The Rodong Sinmun newspaper, the mouthpiece of the North’s ruling Workers’ Party, devoted the first four of its six pages to the event, carrying a total of 60 photos, 15 of them on page one.
Yang Moo-Jin of the University of North Korean Studies said the breadth of coverage was a signal the North was “sincere in its commitment”.
“It is also another signal to Washington in the lead up to the US-North Korea summit that the ball is in your court now,” he told AFP.
‘For the people’
When Kim stepped over the military demarcation line that divides the peninsula he became the first North Korean leader to set foot in the South since the Korean War hostilities ceased in 1953 with an armistice rather than a peace treaty.

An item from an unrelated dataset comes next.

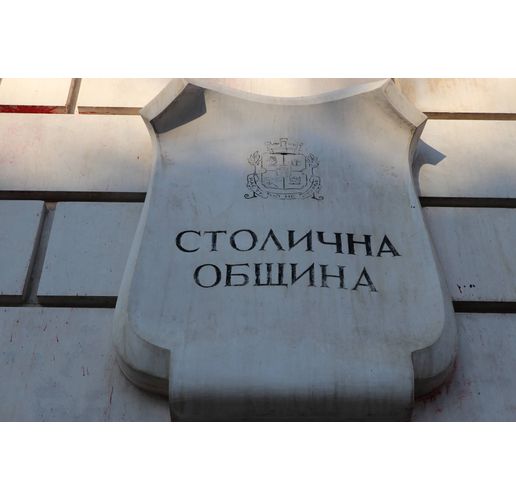 Столична община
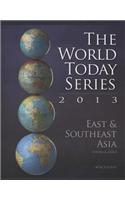 East and Southeast Asia 2013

He then persuaded Moon to step into the North — a fact reported by KCNA on Saturday – and the two leaders shared a day of smiles, intimate moments, and a half-hour-long one-on-one conversation.

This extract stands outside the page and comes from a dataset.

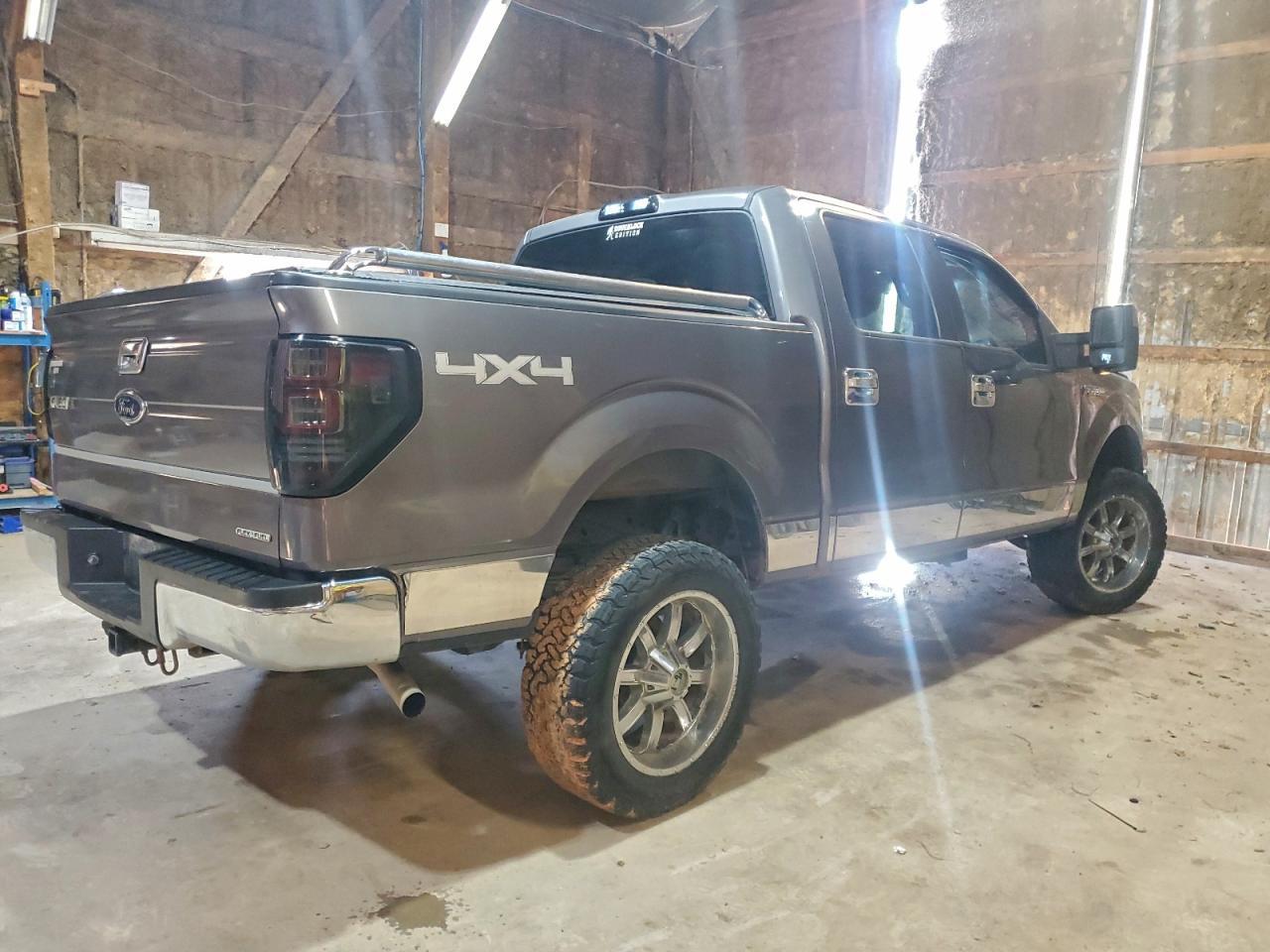 2011 FORD F-150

The North has made rapid progress in its weapons programmes under Kim, detonating its sixth and most powerful nuclear test last year and launching missiles capable of reaching the US mainland, in moves that triggered increasingly strict UN Security Council sanctions against the regime.

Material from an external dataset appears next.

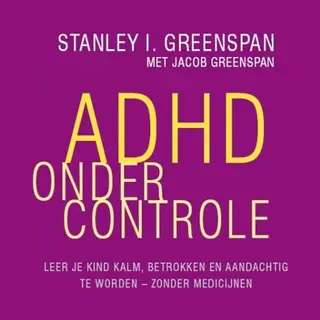 Adhd Onder Controle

Kim and US President Donald Trump traded personal insults and threats of war, sending tensions soaring before Moon seized on the Winter Olympics to broker dialogue, beginning a dizzying whirl of diplomacy that led to Friday’s meeting in the Demilitarized Zone.
Analysts and diplomats say that a combination of factors were behind Pyongyang’s change of heart, including feeling that it was in a position to negotiate from strength, the looming impact of sanctions, and fear of potential US military action.
But KCNA gave Kim the credit.
“The historic meeting at Panmunjom came to be realised thanks to the supreme leader’s ardent love for the people and will for self-determination” independent of outside influence, it said.
Washington is pressing Pyongyang to give up its weapons in a complete, verifiable and irreversible way, and analysts say that meaningful progress will depend on the outcome of Kim’s much-anticipated summit with Trump in the coming weeks.
Trump hailed the Korea summit as historic, but warned “only time will tell”.
He told reporters he would not be “played” by the North’s leader at their upcoming meeting, with “two countries” now in the running to host the event.
Peace treaty
In the declaration document, the two leaders pledged to seek a peace treaty this year to formally declare the Korean War over, 65 years after hostilities ceased.
They will seek a meeting with the US and possibly China — both of them signatories to the 1953 ceasefire — “with a view to declaring an end to the war, turning the armistice into a peace treaty, and establishing a permanent and solid peace regime”.
But agreeing a treaty to formally close the conflict will be complicated — both Seoul and Pyongyang claim sovereignty over the whole Korean peninsula.
The declaration “will lead to an all-out and epoch-making progress in inter-Korean relations”, KCNA said, and “relink the cut-off national blood lines” and “advance the future of co-prosperity and reunification”.
Pyongyang regularly insists on the importance of reunifying the two Koreas, but opinions are divided in the democratic and prosperous South, where younger citizens have spent much of their adult lives being threatened by the North, and fear the costs and consequences of combining the countries.